Penetraron en el bosquecillo con los caballos y sacaron las mantas de los sacos. La luz de la luna se filtraba entre los árboles y le daba un aspecto moteado al suelo cubierto de hojas. Garion tanteó con los pies hasta encontrar un sitio plano, se envolvió en las mantas, y después de dar unas cuantas vueltas, se quedó dormido.
De repente se despertó sobresaltado, encandilado por la luz de una media docena de antorchas. Alguien le apretaba el pecho con un enorme pie y le apoyaba con firmeza la punta de una espada en la garganta.
—¡Que nadie se mueva! —ordenó una voz ronca—. ¡Mataremos a cualquiera que haga un movimiento!
Garion se quedó rígido de pánico y la punta de la espada se afirmó aún más en su garganta. Volvió la cabeza hacia ambos lados y vio que todos sus amigos estaban sujetos del mismo modo. A Durnik, que hacía guardia, lo sostenían entre dos rudos soldados y le habían puesto un trapo en la boca.

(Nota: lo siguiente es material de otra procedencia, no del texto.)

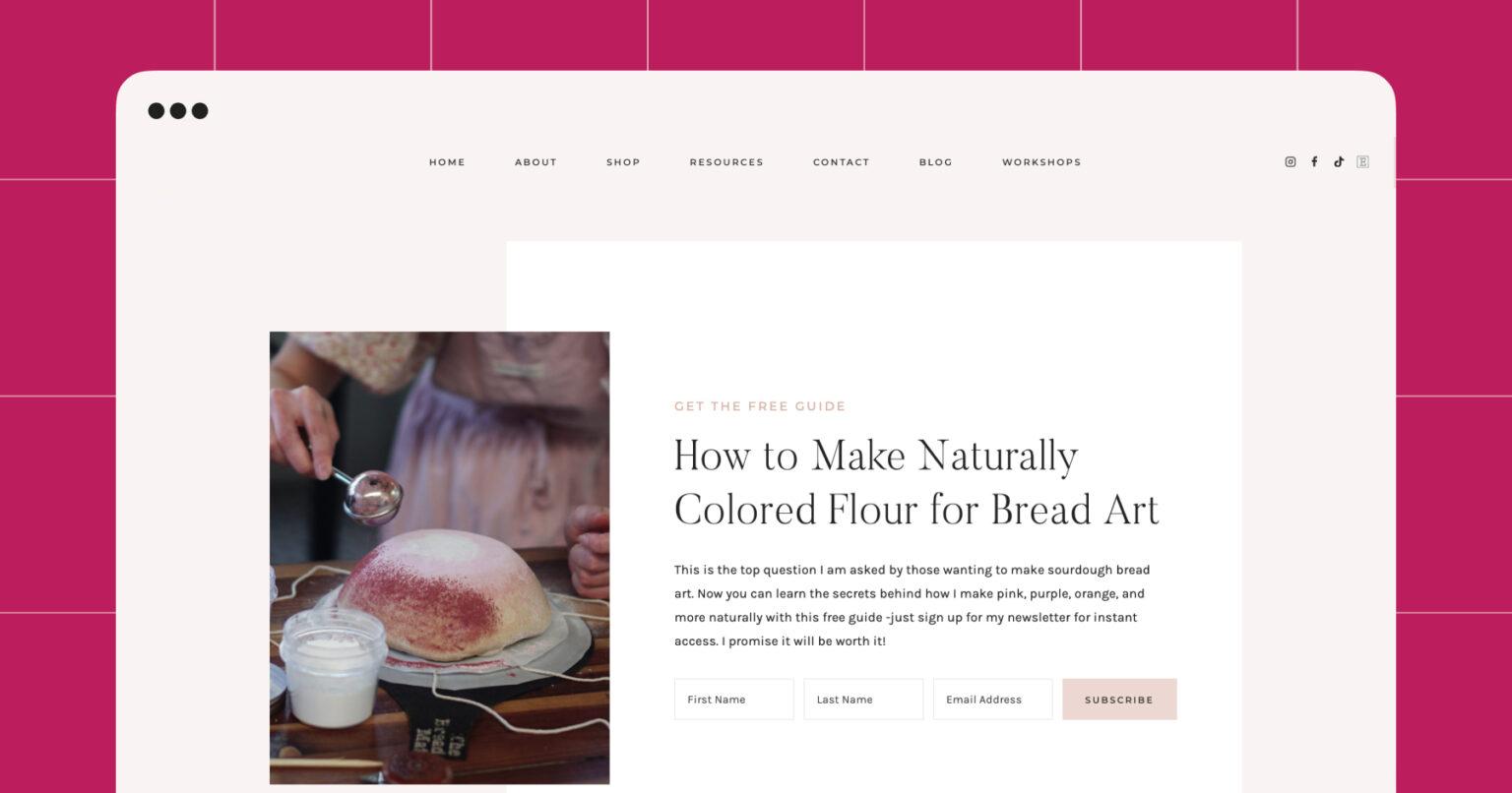 Screenshot of a free guide of How to Make Naturally Colored Flour for Bread Art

—¿Qué significa esto? —exigió saber Seda.
—Ya te enterarás —dijo con brusquedad el que mandaba al grupo—. Coged sus armas.
Mientras gesticulaba, Garion observó que le faltaba un dedo de la mano derecha.
—Aquí hay algún error —dijo Seda—. Soy Radek de Boktor, un mercader, y ni yo ni mis amigos hemos hecho nada malo.
—¡Ponte en pie! —ordenó el soldado de cuatro dedos ignorando las objeciones del hombrecillo—. Si cualquiera de vosotros intenta escapar, mataremos a todos los demás.
—Te arrepentirás de esto, capitán —dijo Seda mientras se incorporaba y se acomodaba la gorra—. Tengo amigos muy poderosos en Tolnedra.
—Eso a mi no me importa —afirmó el soldado mientras se encogía de hombros—. Yo recibo órdenes del conde Dravor y él me dijo que os apresara.
—Muy bien —dijo Seda—. Entonces vayamos a ver al conde Dravor. Aclararemos esto ahora mismo. No hay necesidad de que vayáis blandiendo vuestras espadas, pues os acompañaremos sin resistencia. Ninguno de nosotros hará nada que pueda poneros nerviosos.
—No me gusta tu tono, mercader —dijo el soldado de cuatro dedos mientras sus facciones se ensombrecían bajo la luz de la antorcha.
—No te pagan para que te guste mi tono, amigo —dijo Seda—, sino para que nos escoltes hasta la residencia del conde Dravor. Ahora será mejor que marchemos. Cuanto antes lleguemos allí, más pronto podré darle un informe completo de tu conducta.
—Coged sus caballos —gruñó el soldado.
Garion se volvió hacia tía Pol.
—¿No puedes hacer nada? —le preguntó en voz baja.
—¡Silencio! ¡No habléis! —rugió el soldado que los había capturado.
Garion, impotente, contempló la espada que le apuntaba al pecho.